The album starts off strong with ‘If I Could’ featuring Boston and Kyo, with funky latin vibes and a silky smooth bassline. It then moves into ‘Betamax’, a heavy dancefloor tune featuring Total Science with tons of bass weight and ridiculous drops. The third track is ‘Inside’, a half-time progressive stepper featuring the talents of Spectrasoul. Continuing on is the brand new track ‘Ain’t No Turnin’ Back’, with a beautiful melody build up and then a crazy LFO-driven bassline switching from reece basses to soaring high-ends, and finishing on an equally mad second drop. Next is the remix of ‘Free Your Mind’ featuring Singing Fats, which is the follow up to last year’s standout track on Break’s third album Simpler Times. This time however, he slows things down to a weighty stepper with a pounding bassline that hits like a freight train. ‘Give In to Me’ is the next track featuring Kyo again, and this is another new track – basslines everywhere, delayed vocals and a piano melody accompanying choppy drums. The next track is a standout for me, it is called ‘Who Got da Funk’ and is ridiculous: crunchy drums, deep neuro bass and is just so funky you can’t help but to jump around to it – definitely that classic Break style in this one. ‘Overdub’ is the next one, a laid-back dub type dnb track with relentless bass and crackling drums on top. The ninth track is the haunting ‘Left Behind’, reminiscent of some of Break’s earlier work with a spooky intro which then drops into a bass-driven stepper, switching up into a second pattern on the second drop. Then comes the Break and DLR remix of ‘Slimeville’ by NC-17 and KC. Again, so much funk and weighty bass, with alternating bass patterns and uncompromising drums. The penultimate track is ‘The Rush’, a mad adrenaline filled roller that progresses through its 6 minutes at a blistering pace. It is filled with congo drums, delicate synths and bass which propel you through this endurance race. Finally is ‘Not Forgotten’, a jungle rinse-out to finish on, with classic breaks and an 808-style bassline.

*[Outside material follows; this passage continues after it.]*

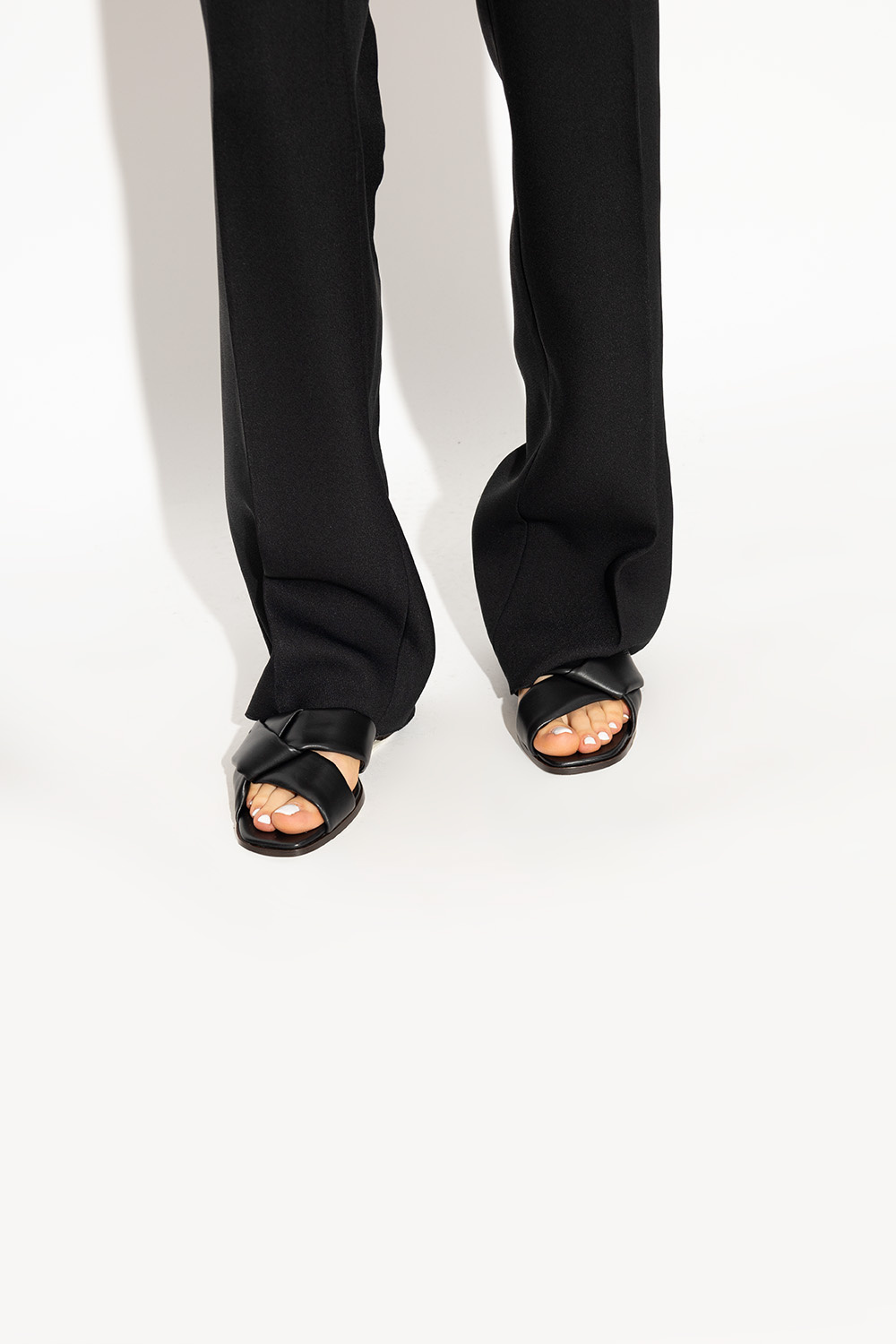 Ferragamo Alrai Origami Knot Slides In Nappa Leather In Black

Overall, I rate this album 5/5, a must-listen.

Frederic Robinson – Flea Waltz Preview

This album is amazing. On hearing the clips I wasn’t so sure about Frederic’s style of stripped back, live drum and bass, however after listening to the album in full I can say that it is a fantastic journey through beautiful soundscapes and interesting ideas. Standout tracks are ‘We’ve Been’, ‘City’ and the title track ‘Flea Waltz’. None of his tracks repeat themselves, they are all distinct journeys and need to all be experienced to get a taste of an alternative take on drum and bass music.

Urbandawn: Gothenburg Cluster Preview

This is the new album from Urbandawn released on Hospital Records, and it is looking really good so far. I have not listened completely but I can say from the tracks that I have listened to so far that it is well in contention for album of the year. ‘Together Again’ is a standout track, with a beautiful 8-bar piano chord pattern and heavyweight drums and bass propelling you through this vocal-driven masterpiece. ‘Black Notes’ is another standout, with Daniel Baeder on the drums, played live so they just sound otherworldly. Again, Urbandawn’s amazing production and piano-led riffs pull you through this tune, with loads of interesting twists and turns throughout. Finally, ‘Prime Expansion’ is the third track I will describe, with shimmering pads and crunchy live drums, chopped vocal effects and a bass reminiscent of Camo and Krooked, however warped into Urbandawn’s distinct funky style.